The world’s oldest recovered message in a bottle1 was awash in the sea for more than a century. It was (eventually) safely delivered to the sender’s 62-year-old granddaughter 101 years after her grandfather tossed it into the surf. Most of us do not attempt our own mailing system, since more efficient, timely and reliable means already exist. Similarly, most of us do not write our own property settlement agreements or separation agreements. We leave it to legal experts … but … could you go down your own path, and do it yourself?

The DIY Separation Agreement

The Onion has a satirical piece about U-Haul ending its aircraft division2. Nobody would sign a plane over to an amateur for day rental, of course. We have laws and regulations controlling pilots, airports, and airplanes. We do not have laws preventing you from signing away your worldly possessions through your own separation agreement, so you really can, legally, do all the hauling yourself.

Just as an amateur renting a plane is a silly idea, though, so too is an amateur writing his own separation agreement. The document must hold up to legal scrutiny. It must be worded correctly, and it must protect all parties.

What’s Included in a Separation Agreement?

A quick run-down of some of the interested players in a separation agreement may surprise you:

  1. You
  2. Your soon-to-be ex-wife
  3. Your children
  4. Your creditors
  5. Your children’s schools
  6. Your municipality or other taxing body

You will likely not put anything explicitly discussing creditors, schools or municipality in your separation agreement, but the choices you write into it affect all those entities.

The separation agreement needs to address debts, child custody, visitation, home ownership, and more.

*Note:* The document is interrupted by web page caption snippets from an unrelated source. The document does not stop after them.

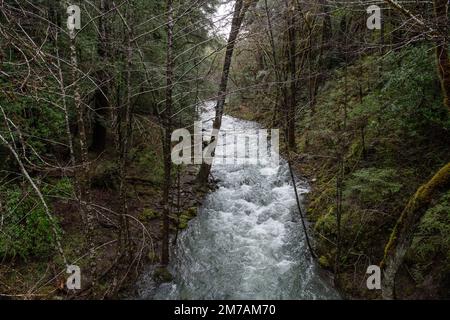 Im Mendocino County im Norden Kaliforniens, USA, fließt ein älterer Bach durch üppige Wälder. Stockfoto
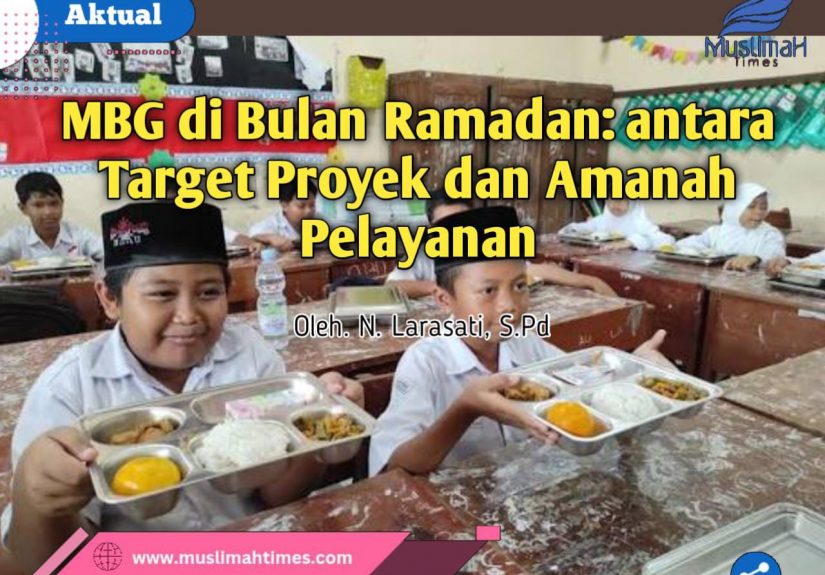 WhatsApp Image 2026-02-25 at 22.16.33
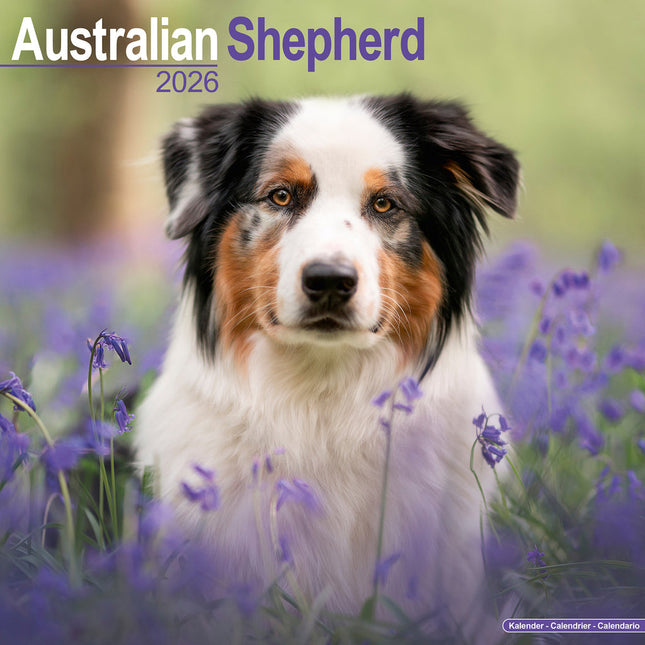 Avonside Australian Shepherd Kalender 2026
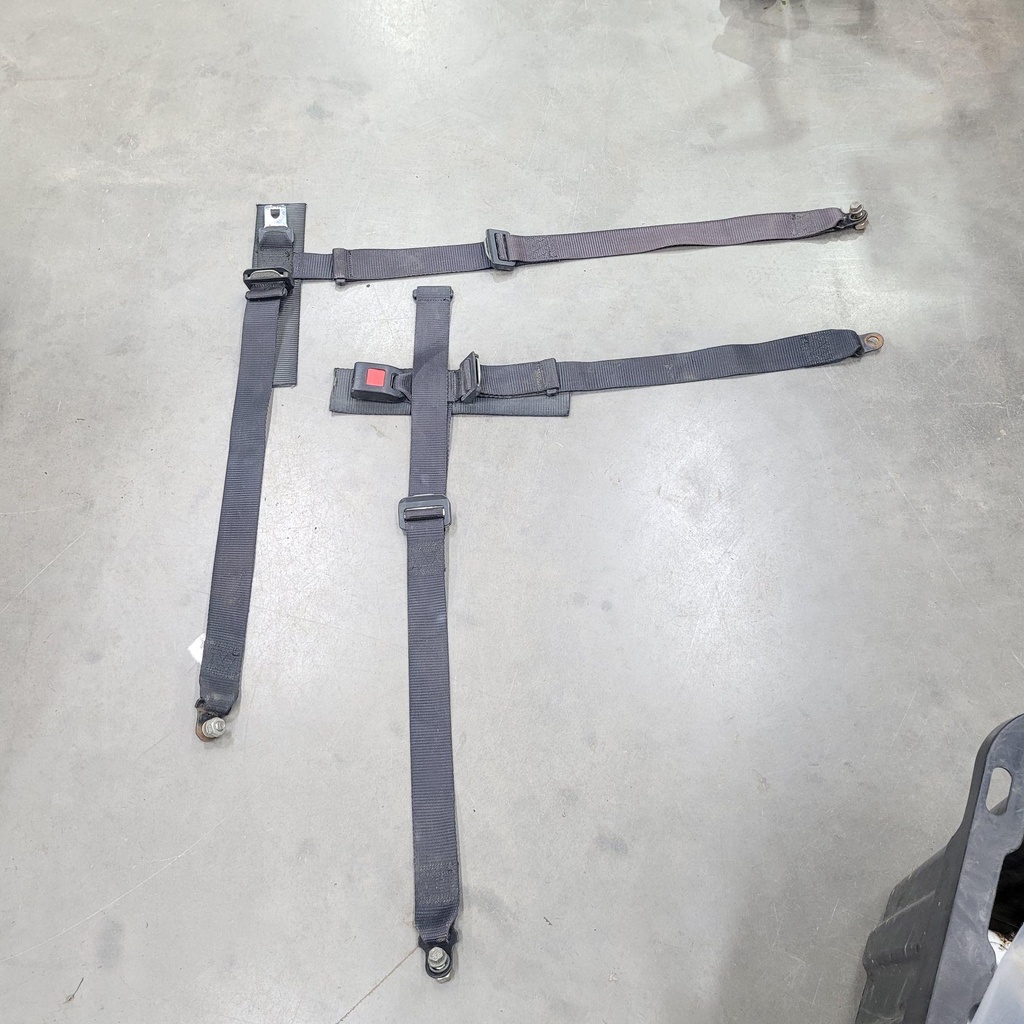 seat belt, passenger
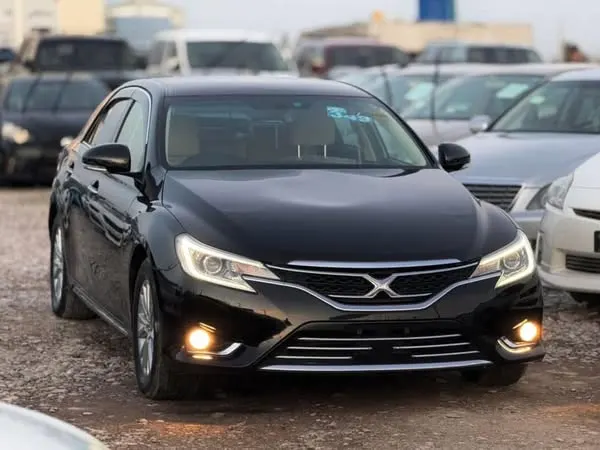 Toyota Mark X Premium 2012 (2)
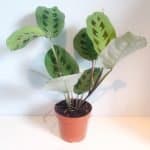 Maranta leuconeura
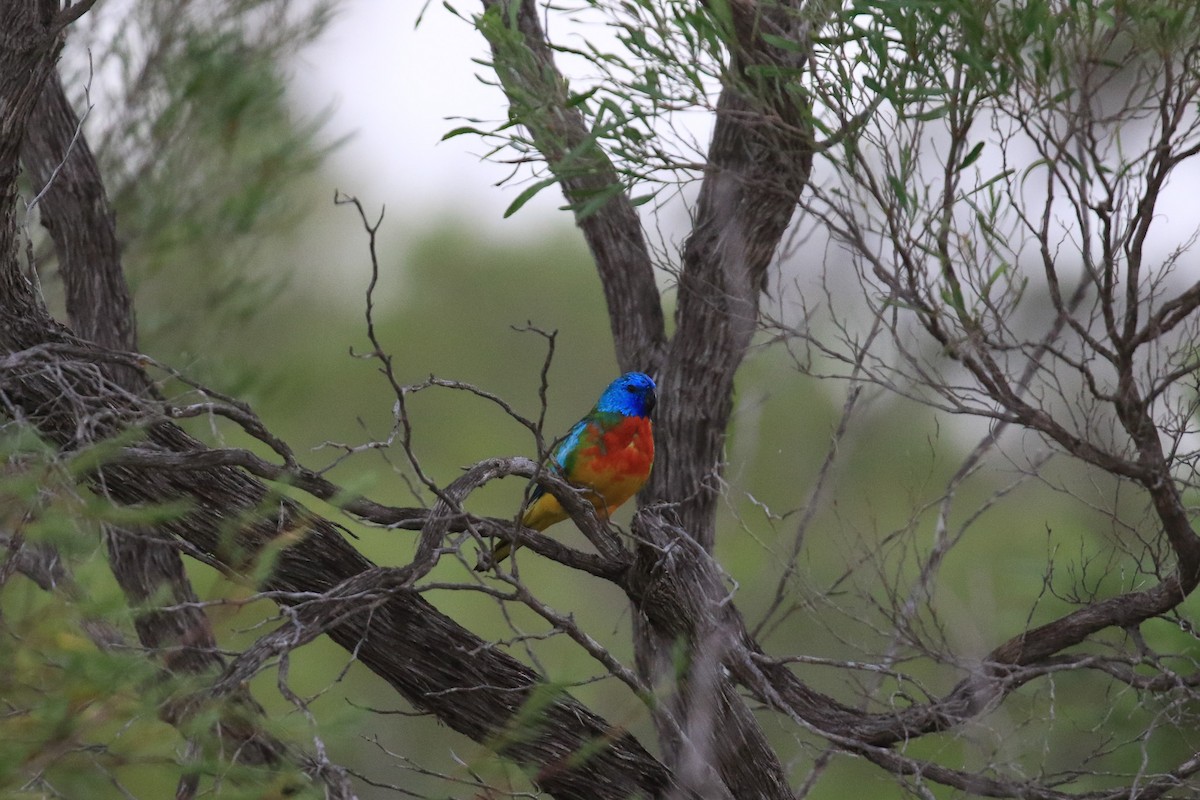 ヒムネキキョウインコ - ML644452216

Which of the two of you is responsible for paying real estate taxes? Which schools will the children attend? Who pays the credit card bills? The questions stack up quickly.

Bound and Determined to Write Your Own Separation Agreement?

If you are utterly committed to drafting your own separation agreement, please remember these tips:

  • Avoid cookie cutters — In Virginia, if the two of you agree on the wording and both sign it without duress, the separation agreement is legal. You do not need to invest in an online, cookie-cutter agreement, and doing so may lead to more trouble than it’s worth.
  • Speak plainly — leave the legal jargon and polysyllabic words to attorneys (whom you will no doubt be relying upon eventually); nobody is impressed with “aforementioned,” “heretofore,” and “Vescere bracis meis.”
  • Be clear — If you mean your 1989 Coachmen Catalina 21 RV, do not call it “The Mobile Man Cave.” Spell out exactly the property you mean, but do not go overboard, either.
  • Be bold — A separation agreement is intended to help you and your wife move ahead with your lives, without leaving children, property or finances out. Be bold, and think about what you want from it, then write it clearly into the agreement.
  • Let her be heard — Your nearly ex-wife has to agree to everything, so respect her interests. If the two of you cannot come to an agreement on the separation agreement, she will see you in court. Ca-ching!
  • Stay within the lines — Do not be greedy if you write your own separation agreement. You get your separate personal property, and the two of you have to agree on splitting marital shared property. You also have to agree on sharing debts, financial responsibilities, and future bills.
  • Leave an Out — Put in a paragraph that says, in so many words, “If something was overlooked or purposely left out of this agreement, it will be dealt with this way …” You may agree on a fifty-fifty split, so your attempt to hide your Cabbage Patch doll collection from her will not lead to fabulous wealth — you will have to later share half your proceeds from selling it off. The same goes for your wife’s secret, vintage comic book collection.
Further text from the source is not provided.